Find "Im Bild (v.l.n.r.): Wildparkleiter" below and begin at its line; stop after the line with "Bed in Hôtel Restaurant Mas Le Châtelet". Output those lines exactly, without pictures.

☆ ☆ ☆ ☆ ☆

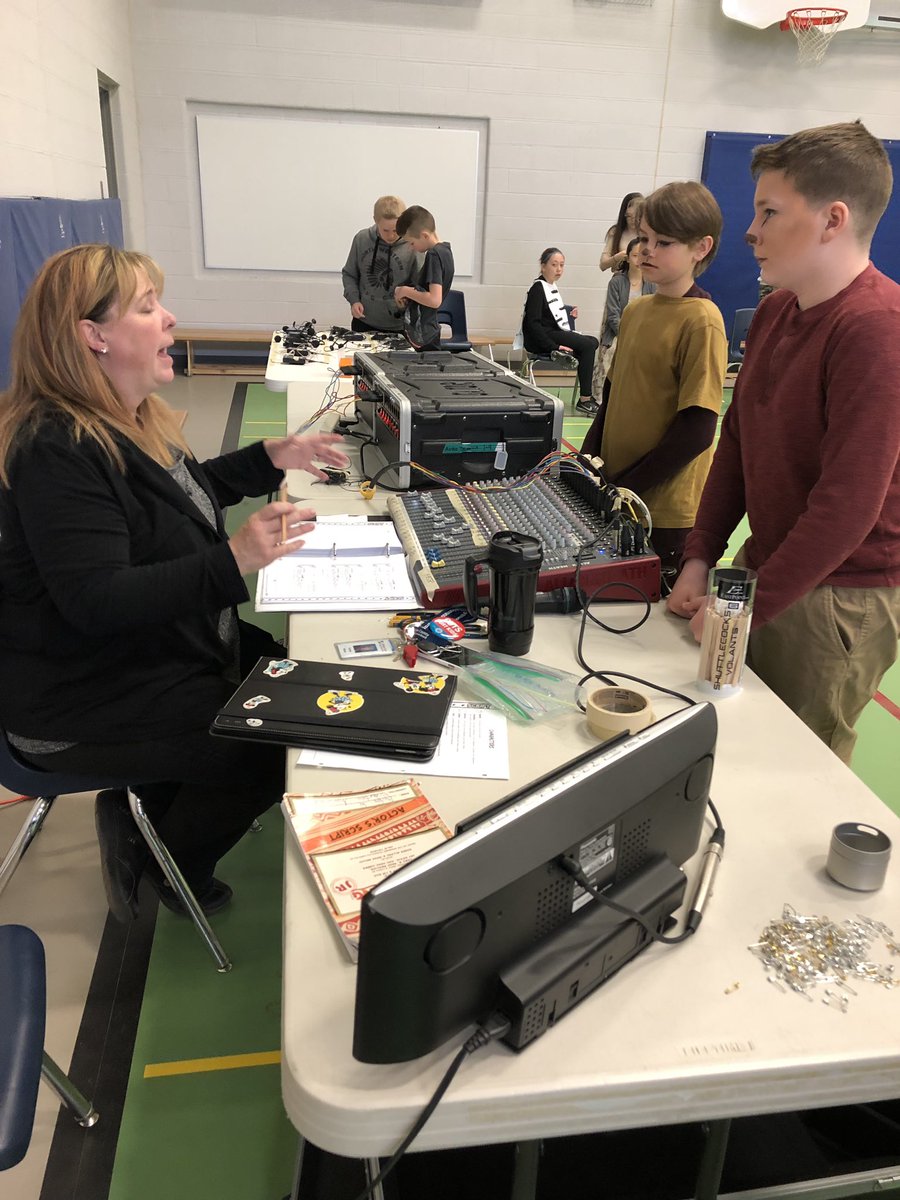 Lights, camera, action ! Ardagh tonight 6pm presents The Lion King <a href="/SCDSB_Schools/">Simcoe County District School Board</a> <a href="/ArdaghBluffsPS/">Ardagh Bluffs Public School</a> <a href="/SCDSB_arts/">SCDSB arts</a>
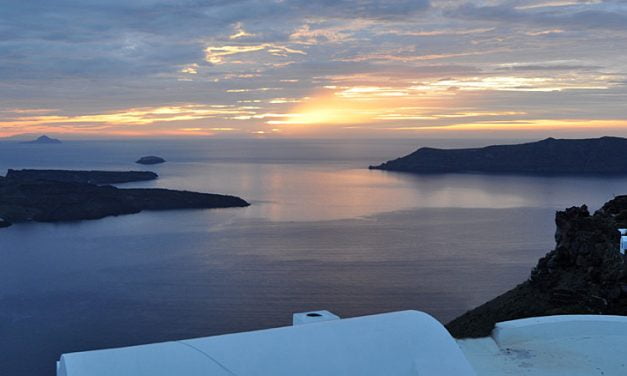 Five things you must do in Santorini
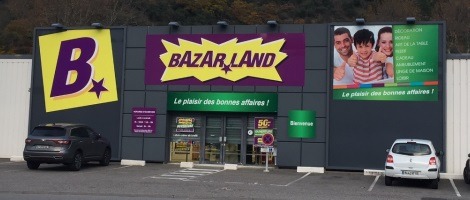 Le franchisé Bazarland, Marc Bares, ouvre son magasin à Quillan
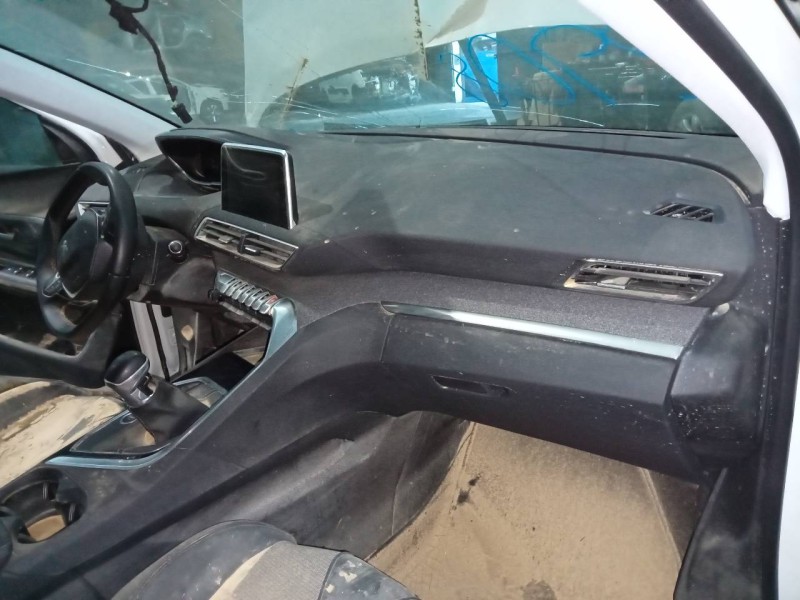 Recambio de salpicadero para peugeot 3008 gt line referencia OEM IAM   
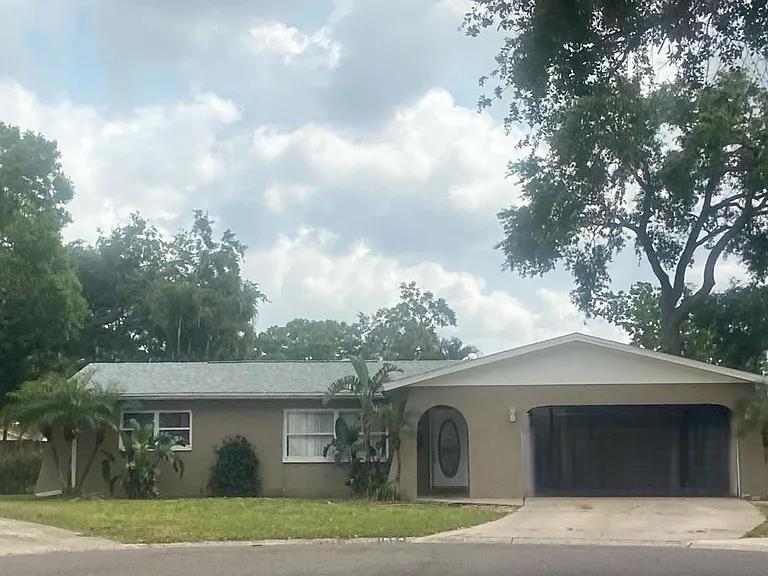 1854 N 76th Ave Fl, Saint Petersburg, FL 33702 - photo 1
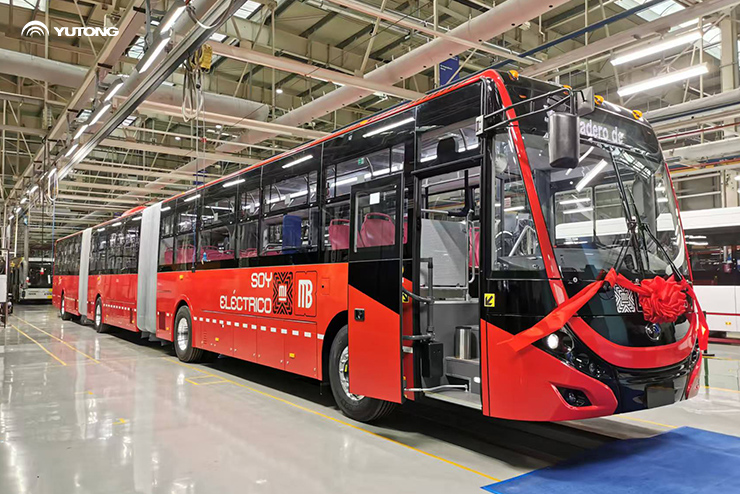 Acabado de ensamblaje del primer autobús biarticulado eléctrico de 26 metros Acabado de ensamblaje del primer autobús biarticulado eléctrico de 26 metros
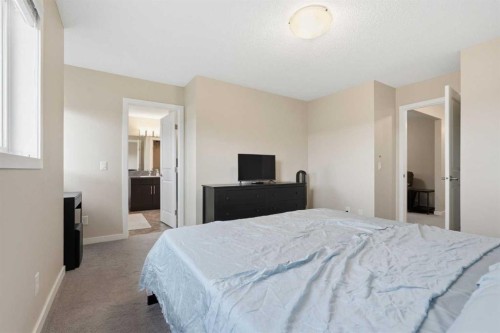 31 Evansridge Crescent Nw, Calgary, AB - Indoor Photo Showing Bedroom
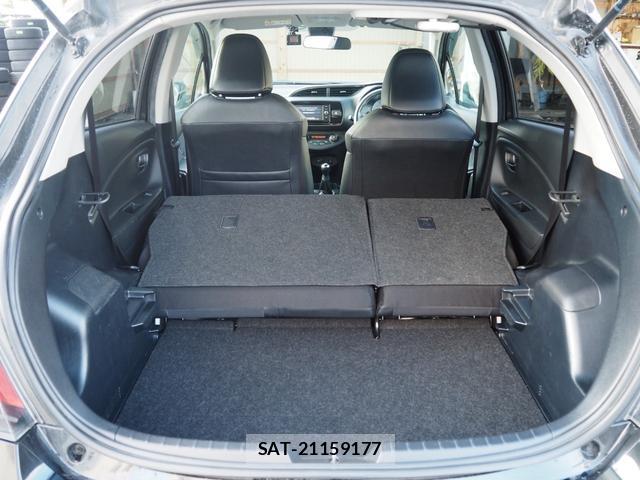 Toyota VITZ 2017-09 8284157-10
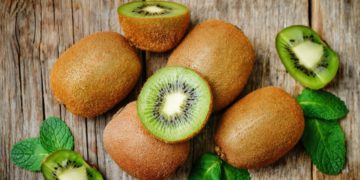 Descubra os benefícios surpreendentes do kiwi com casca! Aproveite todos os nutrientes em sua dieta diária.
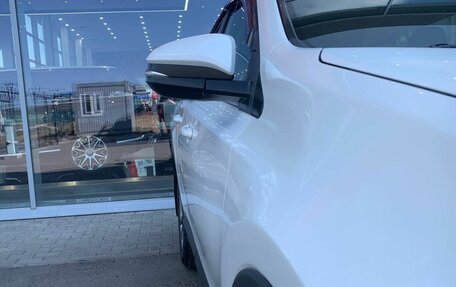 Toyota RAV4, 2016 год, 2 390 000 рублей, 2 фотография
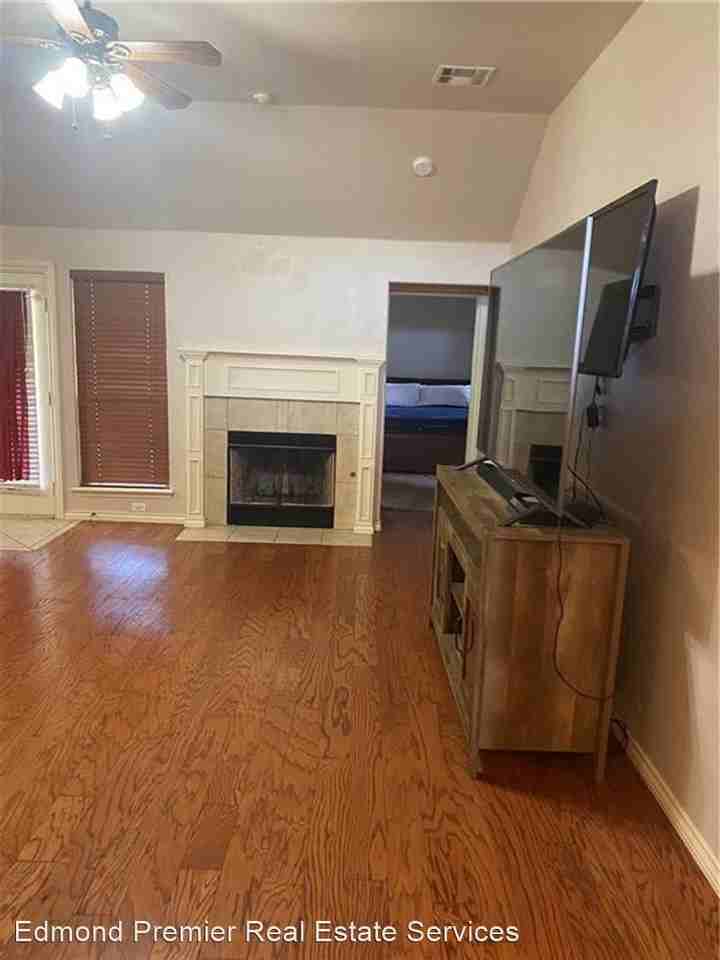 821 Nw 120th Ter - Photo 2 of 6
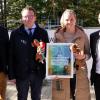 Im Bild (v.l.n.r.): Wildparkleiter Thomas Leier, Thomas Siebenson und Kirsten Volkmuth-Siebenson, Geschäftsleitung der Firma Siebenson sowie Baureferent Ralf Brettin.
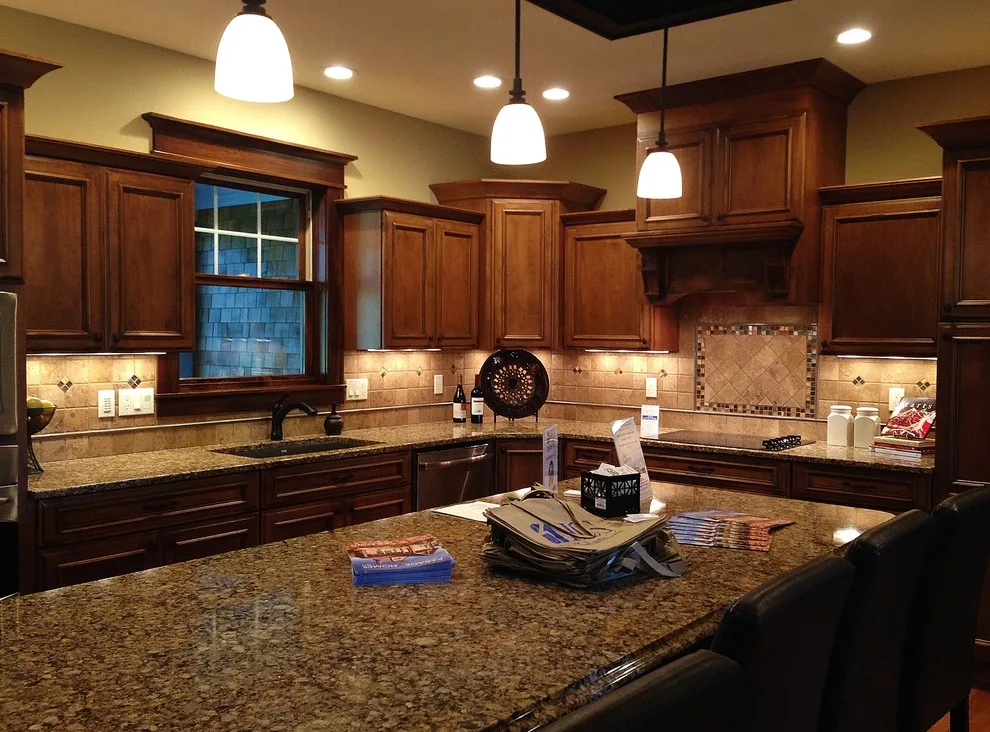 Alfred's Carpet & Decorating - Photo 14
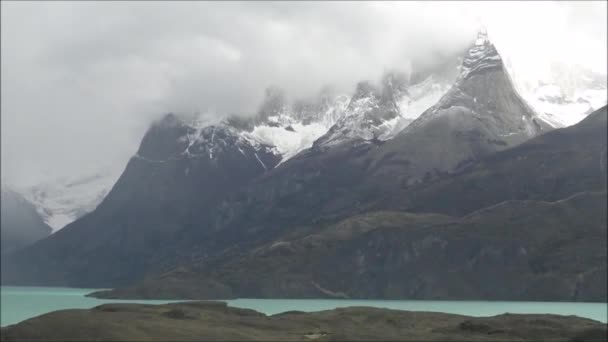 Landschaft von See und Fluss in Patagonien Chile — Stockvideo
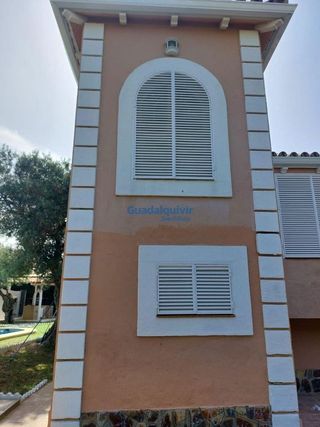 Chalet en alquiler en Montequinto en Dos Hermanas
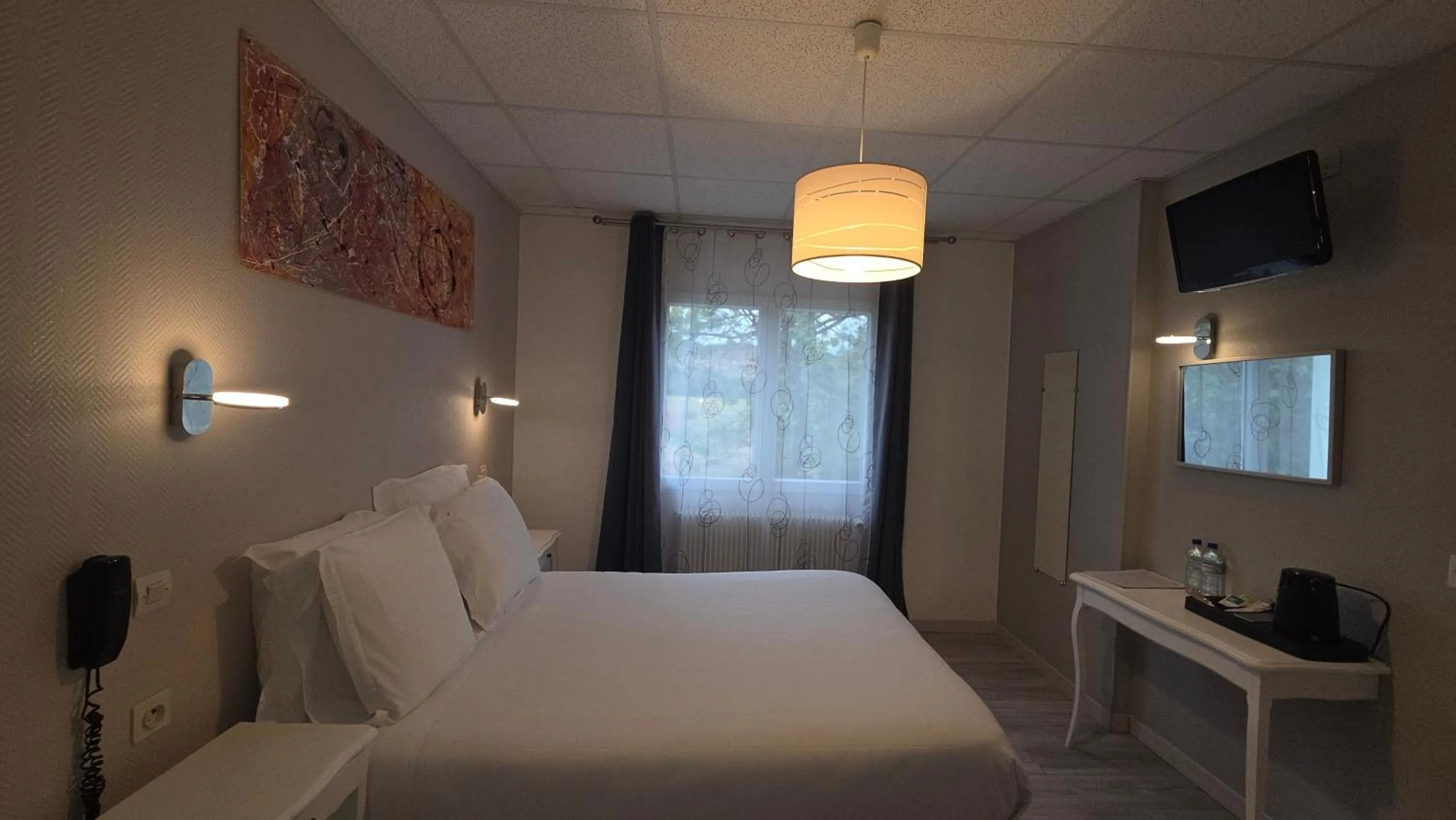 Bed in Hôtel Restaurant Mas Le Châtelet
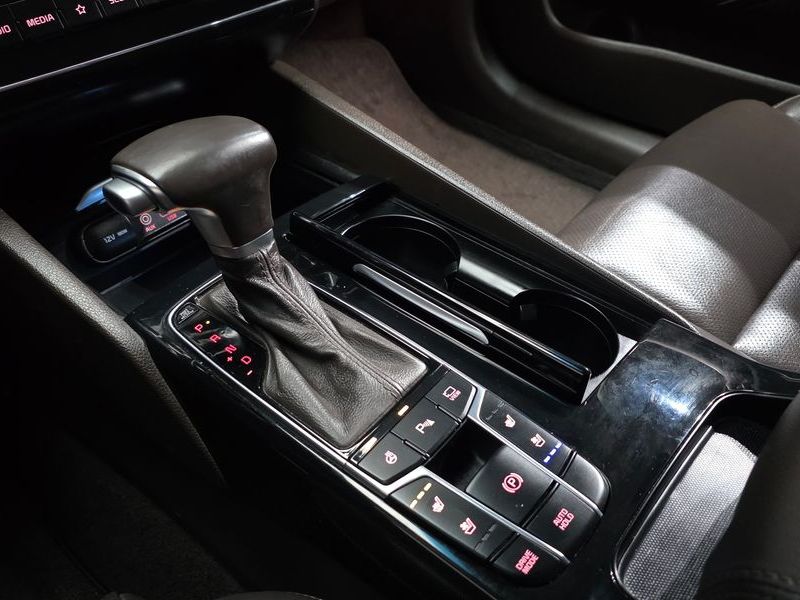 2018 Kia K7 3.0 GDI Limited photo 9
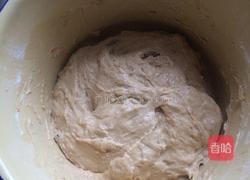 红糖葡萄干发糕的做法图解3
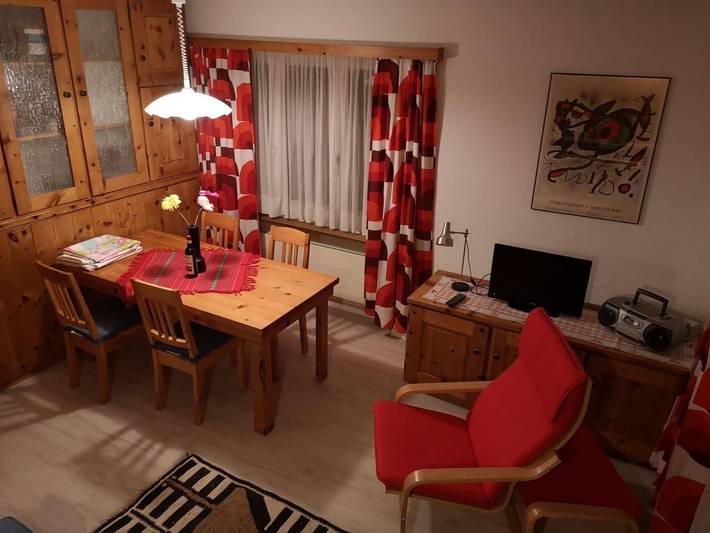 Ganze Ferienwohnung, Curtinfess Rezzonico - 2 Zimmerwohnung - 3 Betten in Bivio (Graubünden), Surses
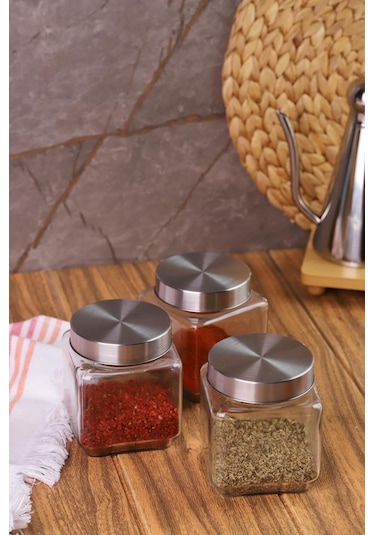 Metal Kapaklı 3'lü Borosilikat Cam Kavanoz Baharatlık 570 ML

☆ ☆ ☆ ☆ ☆

→ Response to the task:
 Im Bild (v.l.n.r.): Wildparkleiter Thomas Leier, Thomas Siebenson und Kirsten Volkmuth-Siebenson, Geschäftsleitung der Firma Siebenson sowie Baureferent Ralf Brettin.
 Alfred's Carpet & Decorating - Photo 14
 Landschaft von See und Fluss in Patagonien Chile — Stockvideo
 Chalet en alquiler en Montequinto en Dos Hermanas
 Bed in Hôtel Restaurant Mas Le Châtelet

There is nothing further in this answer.